Yes I know Jargey just started a similar thread: http://canadianmoneyforum.com/showthread.php/107178-Trump-lite-(aka-O-Leary) but it has 2 shortcomings IMO - it suggests that O'Leary is comparable to Trump - is he?, and it's title doesn't speak to the other candidates.

Certainly until O'Leary stepped into the race today it was very much, "oh, yes I heard they are having a leadership race". Now I think we will see more reporting of the race - is that a good thing? :confusion:

I'm personally not yet convinced that any of the candidates are the right choice but that may change with time. I remember reading somthing about Michael Chong and thinking that he sounded sensible, but I may stand to be corrected.

I have an itchy aversion to Bernier for some reason.

I am similarly skeptical of O'Leary and may have agreed with Jargey's 'Trump-lite'. But if you listen to him in this brief CTV interview this morning: http://www.ctvnews.ca/video?clipId=1037680, I think you have to admit that he is saying all the right things and is certainly not in the race because it is his 'job' as a career politician. The existing politicians seem to form a pool of leaders who play it safe and do little except try to get re-elected with our money.


----------



## mordko (Jan 23, 2016)

Still too many in the race. A few of them (e.g. Bernier) have good policy proposals, such as:

- ending supply management in agriculture;
- legalize private healthcare;
- lower taxes on capital gains. 

No idea what O'Leary's policies are.


----------



## gibor365 (Apr 1, 2011)

> No idea what O'Leary's policies are.


True! Yesterday tried to google and couldn't find any specific policies ,except that Trudeau is bad for Canada (I know it w/o Kevin )


----------



## Video_Frank (Aug 2, 2013)

“Elect me as prime minister for 15 minutes. I will make unions illegal. Anybody who remains a union member will be thrown in jail.”
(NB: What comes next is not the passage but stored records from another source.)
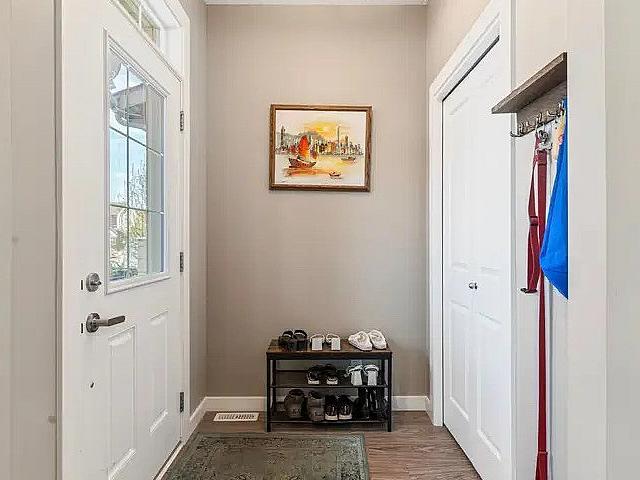 Duplex for rent in Wedgewood, Alberta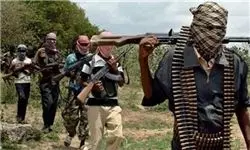 آزادی 63 گروگان از دست «بوکوحرام» در نیجریه
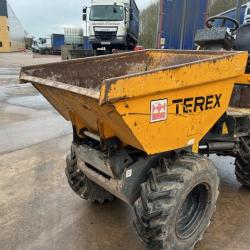 TEREX HD1000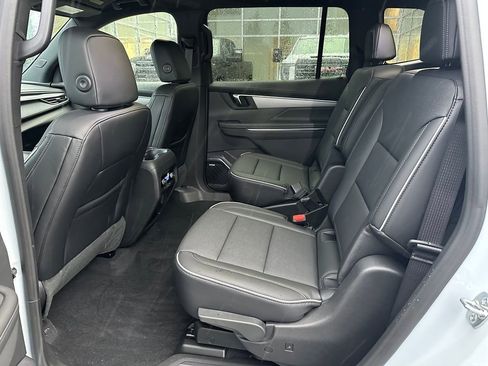 New 2026 Buick Enclave Preferred w/ Power Package image 15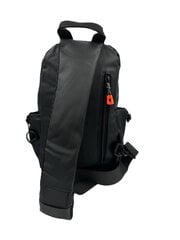 Маленький рюкзак-сумка мужской М02 цена и информация | Мужские сумки | kaup24.ee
- Kevin O’Leary, likely Conservative leadership candidate, in 2011


----------



## Koogie (Dec 15, 2014)

In general, people forget we don't have the same electoral system as the USians. Celebrity status won't carry you to the PMship like it will to the Oval Office.
I have always thought O'Leary is little more than a blowhard. If we have to have a Dragon run, couldn't it be Jim Treliving ?
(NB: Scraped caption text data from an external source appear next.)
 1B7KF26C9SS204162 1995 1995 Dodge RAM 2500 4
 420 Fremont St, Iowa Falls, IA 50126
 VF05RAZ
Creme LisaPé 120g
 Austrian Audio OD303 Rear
Michael Chong is the MP for the area where my family live. He is a great MP and a backbencher with a brain and integrity. Therefore not PM material...:friendly_wink:


----------



## carverman (Nov 8, 2010)

OnlyMyOpinion said:


> I've started this thread for those who want to joust on this topic.
> 
> I am similarly skeptical of O'Leary and may have agreed with Jargey's 'Trump-lite'. I think you have to admit that he is saying all the right things and is certainly not in the race because it is his 'job' as a career politician. The existing politicians seem to form a pool of leaders who play it safe and do little except try to get re-elected with our money.
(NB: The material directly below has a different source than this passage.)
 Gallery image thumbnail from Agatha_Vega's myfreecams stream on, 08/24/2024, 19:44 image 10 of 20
 He may be saying the right things now, because he wants to get elected, but once he seizes any political power of any kind, the old "leopard
spots start to appear". Wait and see. 
As far as the existing pool of leaders...they would rather stay mum than say something they may get quoted on by the media and that
could spoil their chances at election time..but then again....


----------



## carverman (Nov 8, 2010)

mordko said:


> Still too many in the race. A few of them (e.g. Bernier) have good policy proposals, such as:
> 
> - ending supply management in agriculture;
> - legalize private healthcare;
> ...


Get as much for himself as he can while he can. Kevin has thrown his hat in the ring to help Canada? 
If he is the successful businessman that he clains he is..he should be minding the store..not running for politics.


----------



## doctrine (Sep 30, 2011)

Not a lot of support here for O'Leary. If not him, who would you vote for that is in the race, and do you think they have a legitimate chance of beating Trudeau? Or is Trudeau simply your preferred choice in the next election for PM?


----------



## OnlyMyOpinion (Sep 1, 2013)

Surely among the current pack of 14 some will drop out well before the convention, and hopefully we will see a viable alternative and a contender for PM emerge.


----------



## AltaRed (Jun 8, 2009)

Google up "federal conservative leadership 2017 wiki" and you will get a summary of all the current candidates, some history, and policy goals. Someone was sharp on the wiki today.....it was already updated with O'Leary's information. From my perspective, there are 3-4 possibilities in the group for me that I will watch more closely. If y'all want to get the right person, ya need to join the PC Party soon to be able to participate in the voting.


----------



## cashinstinct (Apr 4, 2009)

Where is my $10,000 TFSA?


----------



## sags (May 15, 2010)

PM Harper and his government were considered "hard liners" by Canadians and they opted for a change.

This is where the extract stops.